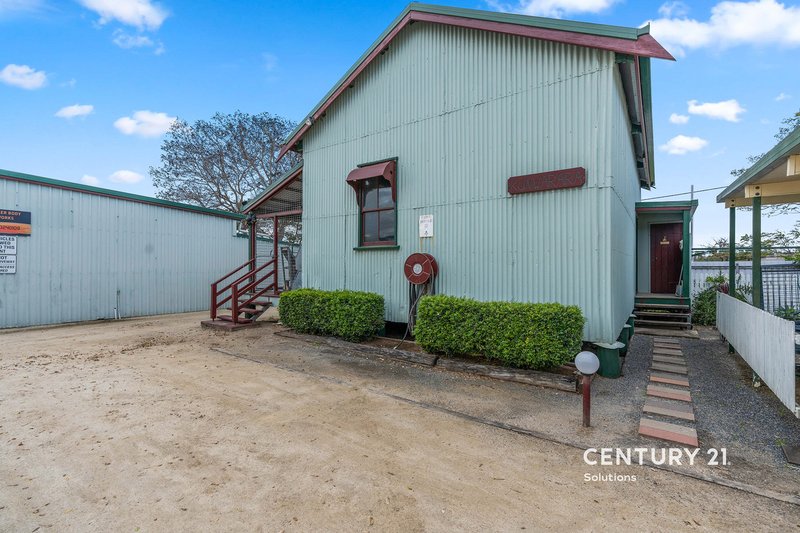 Photo - 98 Middle Road, Gracemere QLD 4702 - Image 18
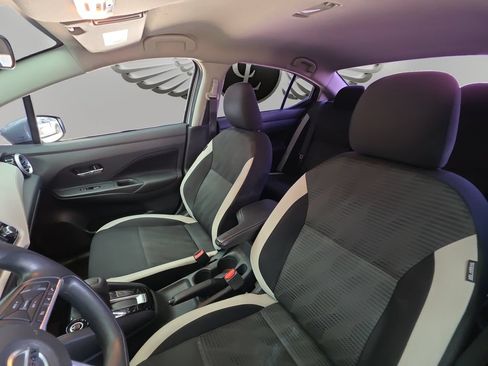 Used 2022 Nissan Versa SV FWD image 10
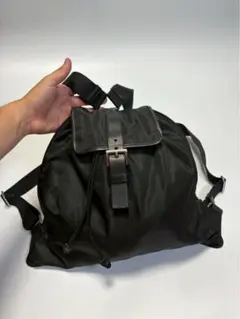PRADA ブラック バックパック　リュック　ナイロンのサムネイル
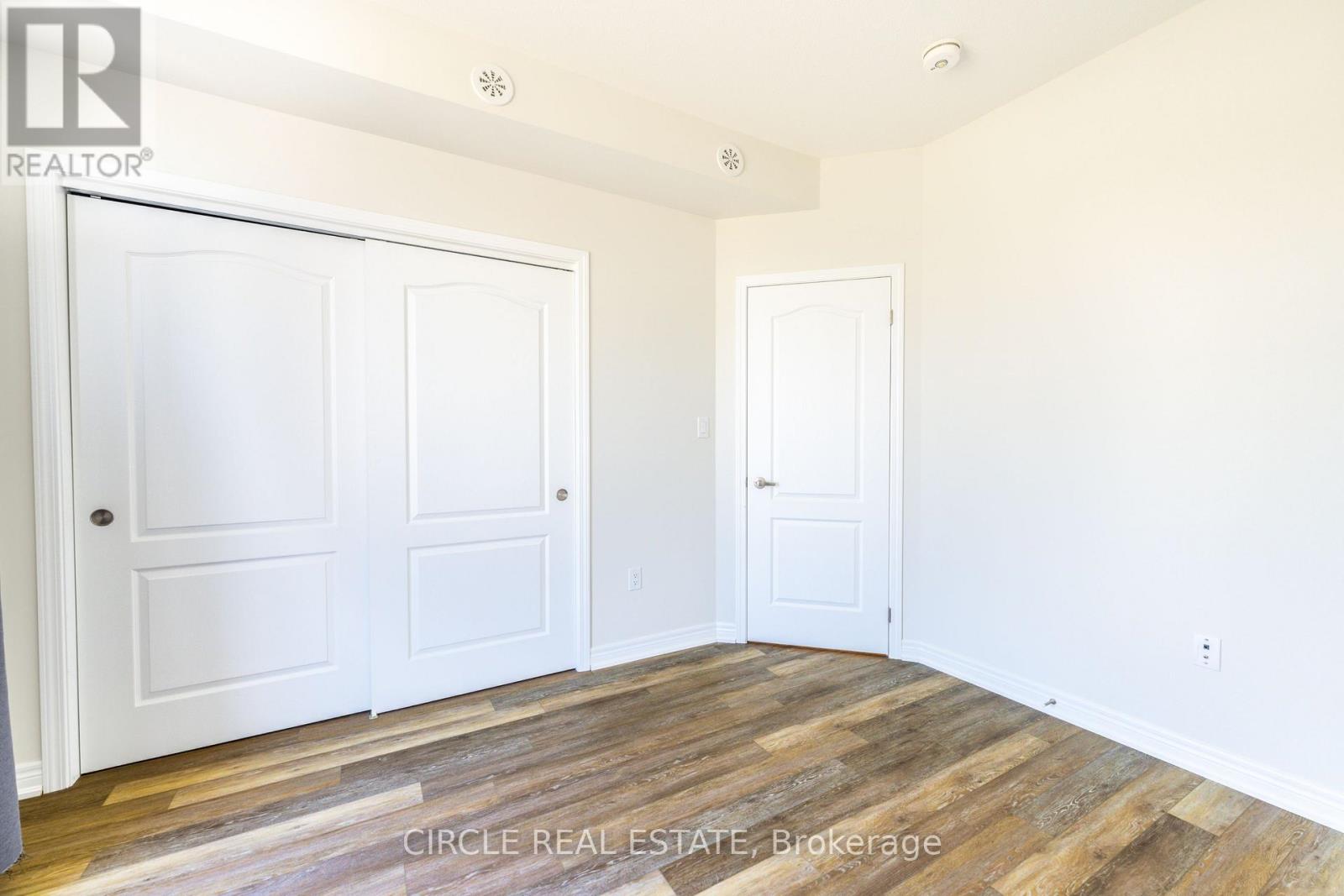 #7 5016 SERENA DRIVE - 17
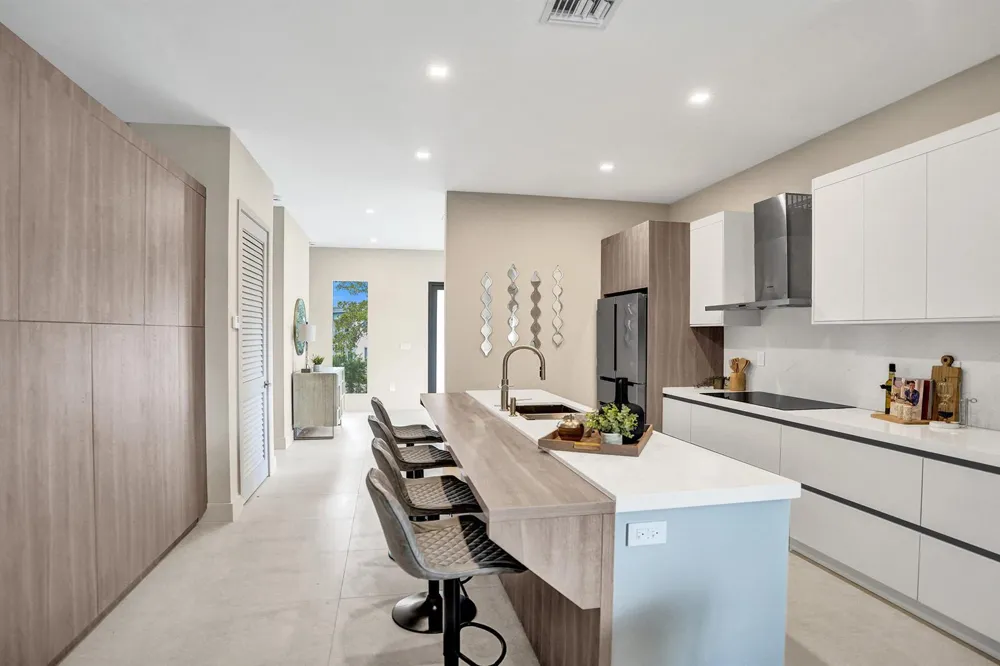 1140 SE 6TH TERRACE Fort Lauderdale, FL 33316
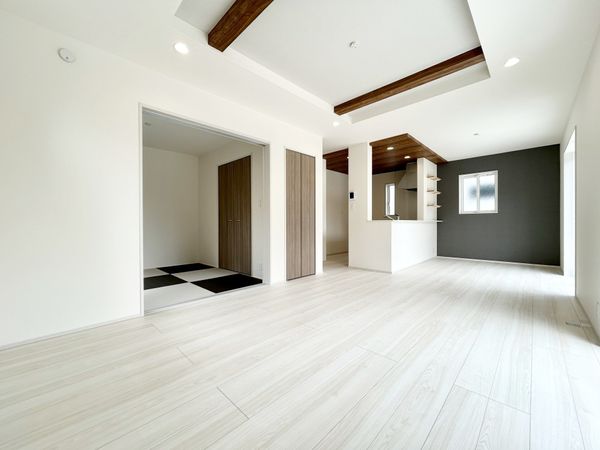 平塚市達上ケ丘 新築戸建 1号棟 リビング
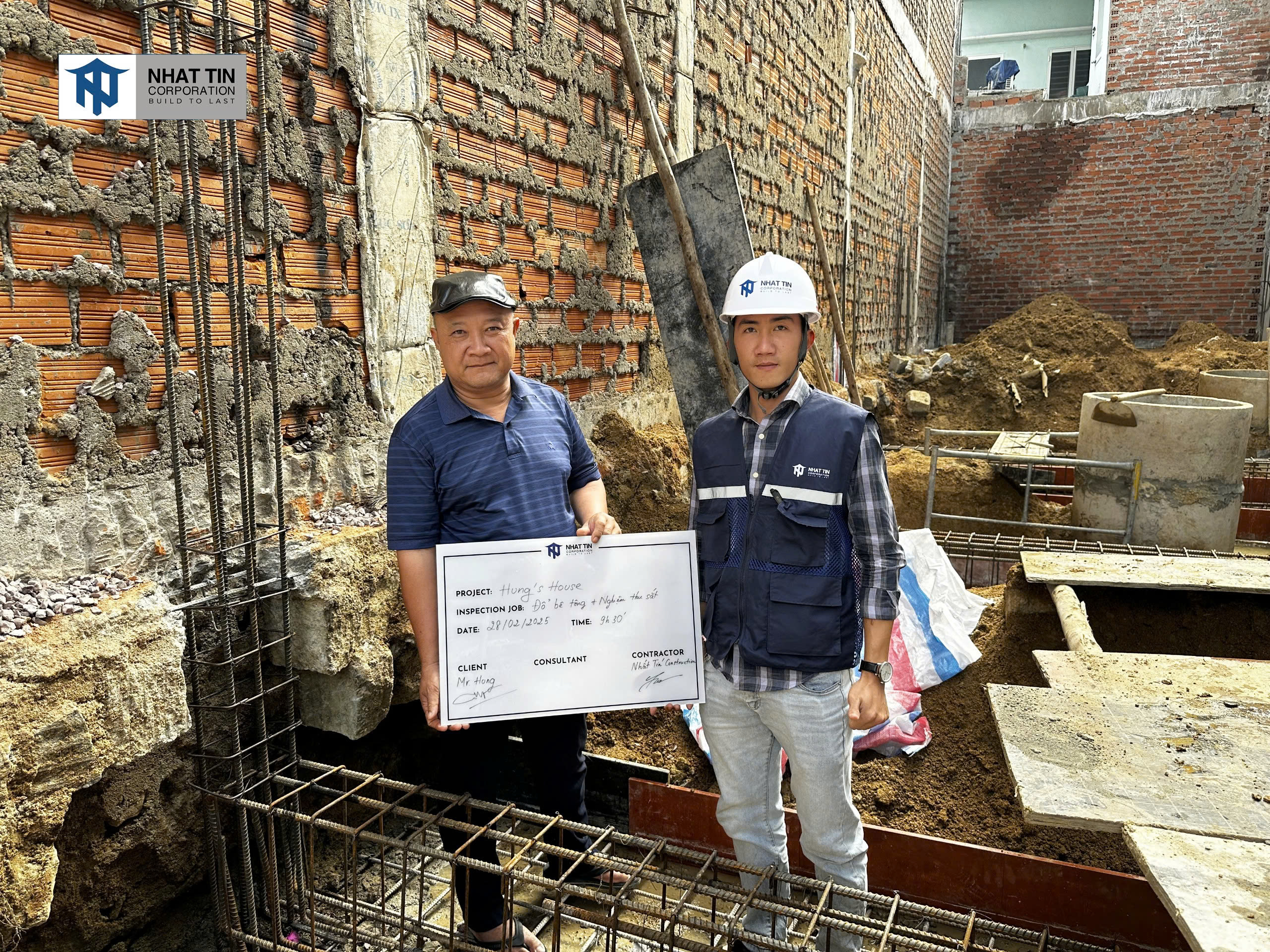 Công tác nghiệm thu cùng Chủ đầu tư và Tư vấn giám sát trước khi bắt tay vào thi công. 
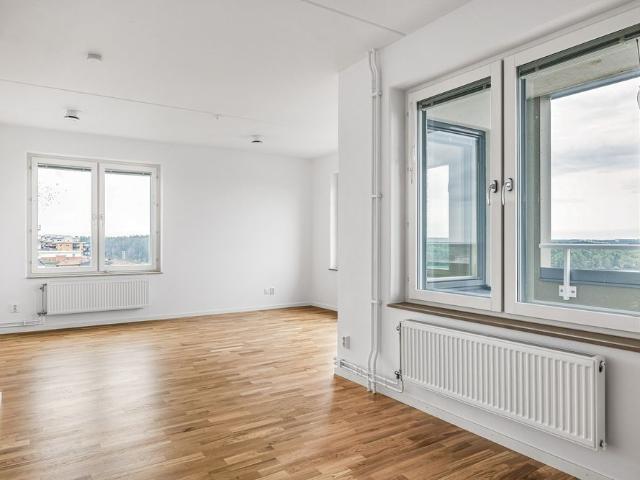 Lägenhet hyra i Kungsängen, Stockholms län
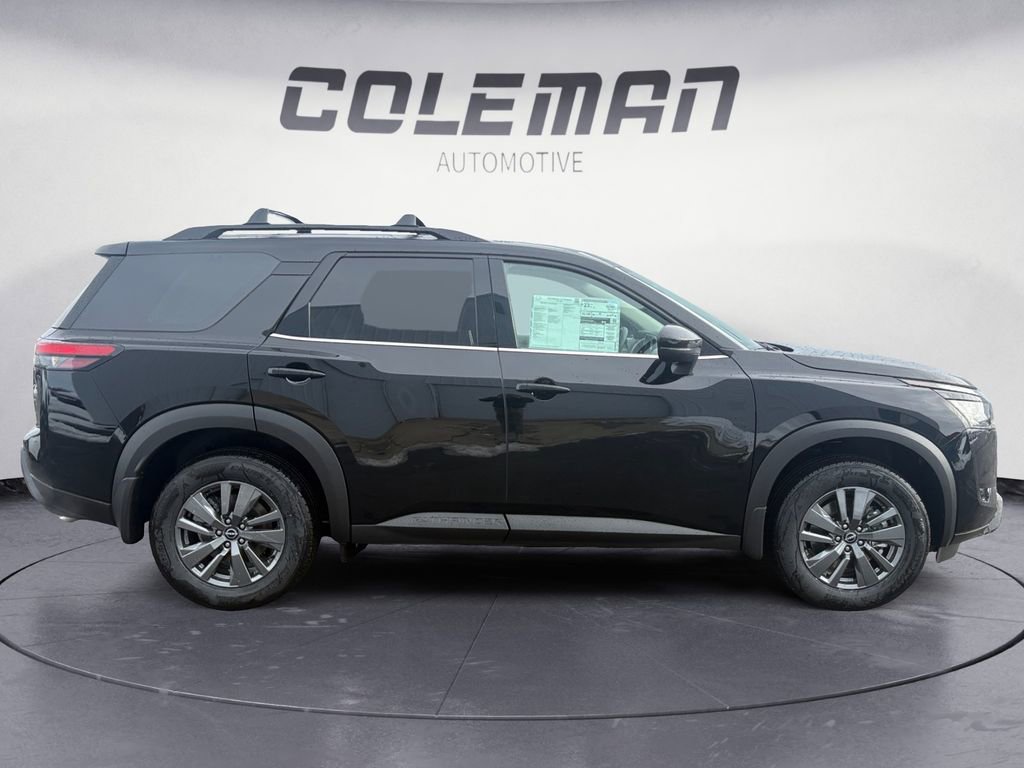 New 2025 Nissan Pathfinder SV image 6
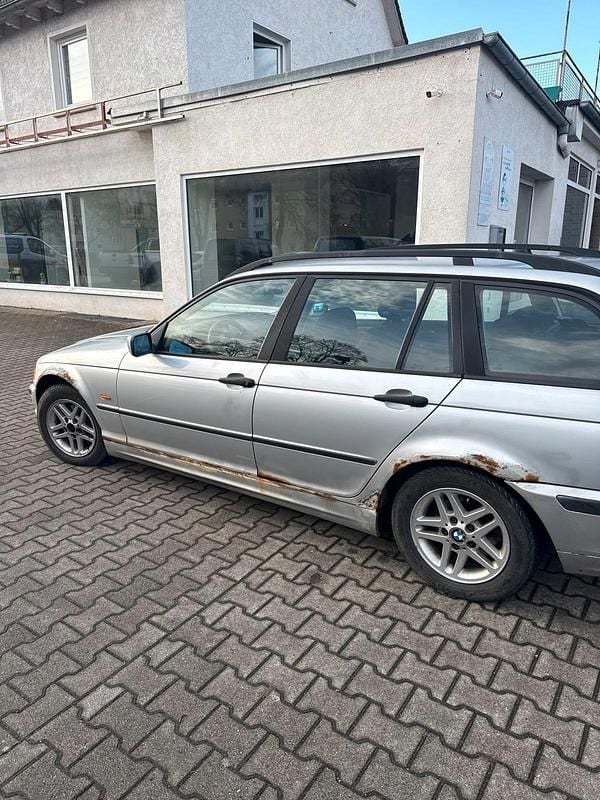 Gebraucht BMW 320 136 PS (100 kW) 2000 Silber Kombi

+++

In the answer, the lines from the one containing "PRADA ブラック バックパック　リュック　ナイロンのサムネイル" to the end of the records above must be written out exactly, both ends included; the pictures must not appear.

PRADA ブラック バックパック　リュック　ナイロンのサムネイル
 #7 5016 SERENA DRIVE - 17
 1140 SE 6TH TERRACE Fort Lauderdale, FL 33316
 平塚市達上ケ丘 新築戸建 1号棟 リビング
 Công tác nghiệm thu cùng Chủ đầu tư và Tư vấn giám sát trước khi bắt tay vào thi công. 
 Lägenhet hyra i Kungsängen, Stockholms län
 New 2025 Nissan Pathfinder SV image 6
 Gebraucht BMW 320 136 PS (100 kW) 2000 Silber Kombi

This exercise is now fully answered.